Supplied data →
★ ★ ★ ★ ★ ★ ★

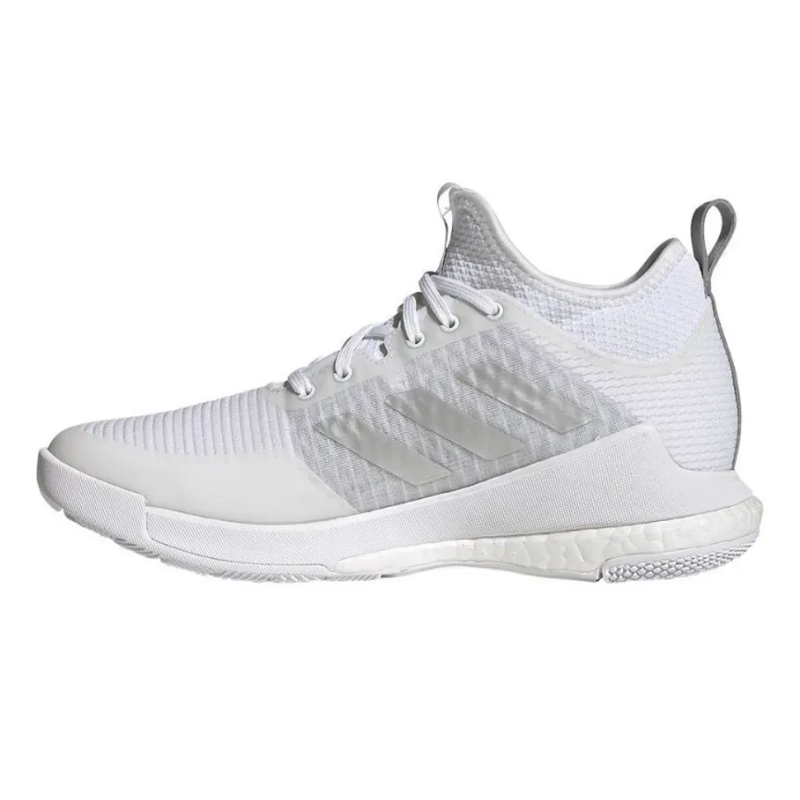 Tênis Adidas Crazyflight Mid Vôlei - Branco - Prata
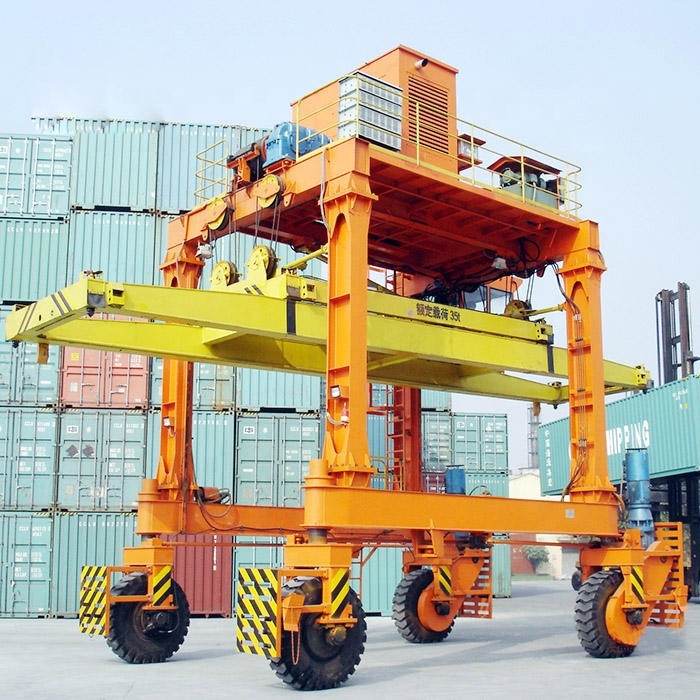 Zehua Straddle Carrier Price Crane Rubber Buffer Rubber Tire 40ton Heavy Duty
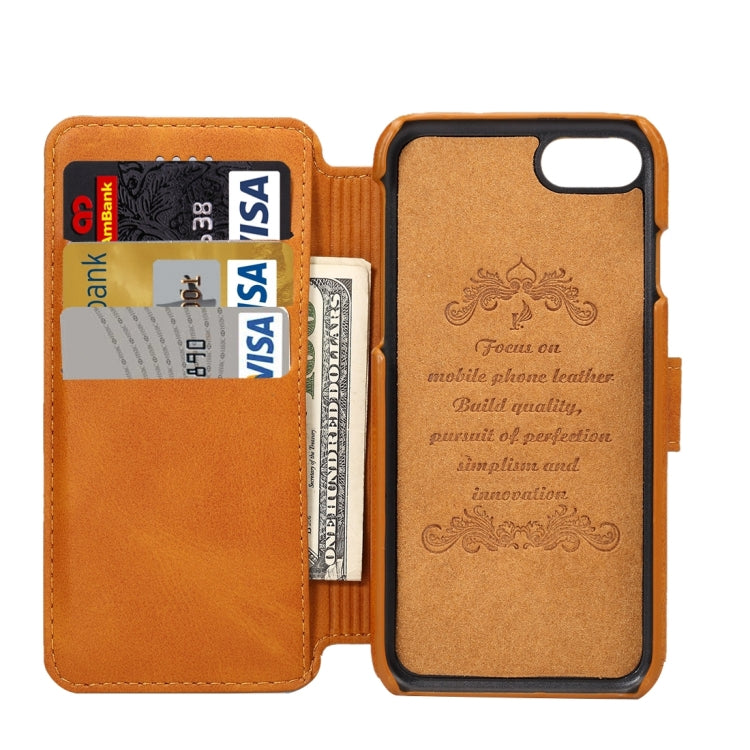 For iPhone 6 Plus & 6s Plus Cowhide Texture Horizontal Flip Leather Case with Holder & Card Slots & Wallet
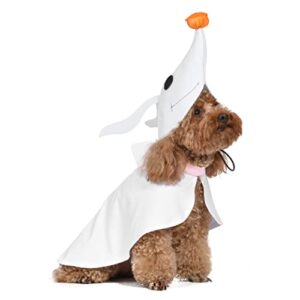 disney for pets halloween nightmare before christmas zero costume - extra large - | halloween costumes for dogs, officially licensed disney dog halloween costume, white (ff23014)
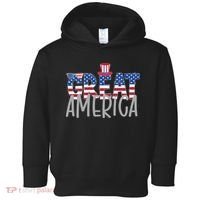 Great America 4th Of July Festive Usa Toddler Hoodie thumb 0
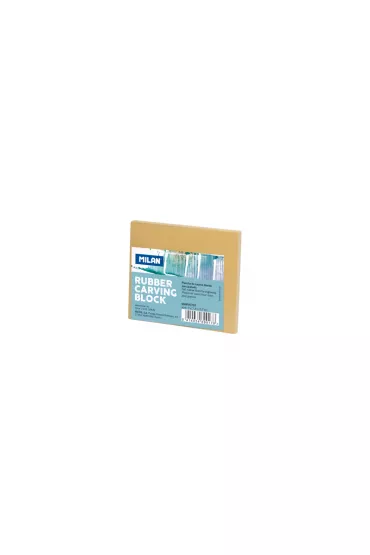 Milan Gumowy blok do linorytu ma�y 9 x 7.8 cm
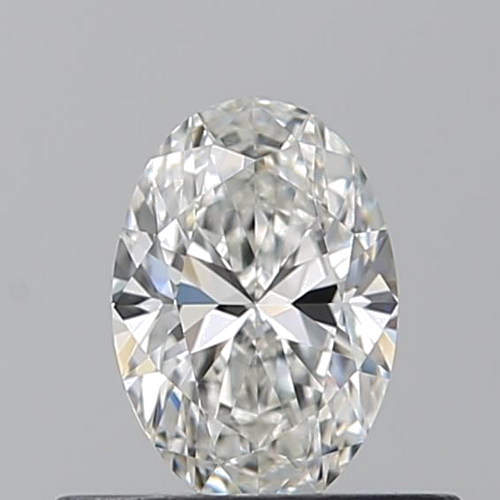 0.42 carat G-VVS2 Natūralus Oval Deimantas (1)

★ ★ ★ ★ ★ ★ ★

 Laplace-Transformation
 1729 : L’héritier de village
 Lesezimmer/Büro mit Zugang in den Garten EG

★ ★ ★ ★ ★ ★ ★

Aim of the task →
From the records above, transcribe only the stretch from the line with "Zehua Straddle Carrier" through the line with "0.42 carat G-VVS2", keeping both ends. Omit pictures.

Output for this task →
 Zehua Straddle Carrier Price Crane Rubber Buffer Rubber Tire 40ton Heavy Duty
 For iPhone 6 Plus & 6s Plus Cowhide Texture Horizontal Flip Leather Case with Holder & Card Slots & Wallet
 disney for pets halloween nightmare before christmas zero costume - extra large - | halloween costumes for dogs, officially licensed disney dog halloween costume, white (ff23014)
 Great America 4th Of July Festive Usa Toddler Hoodie thumb 0
 Milan Gumowy blok do linorytu ma�y 9 x 7.8 cm
 0.42 carat G-VVS2 Natūralus Oval Deimantas (1)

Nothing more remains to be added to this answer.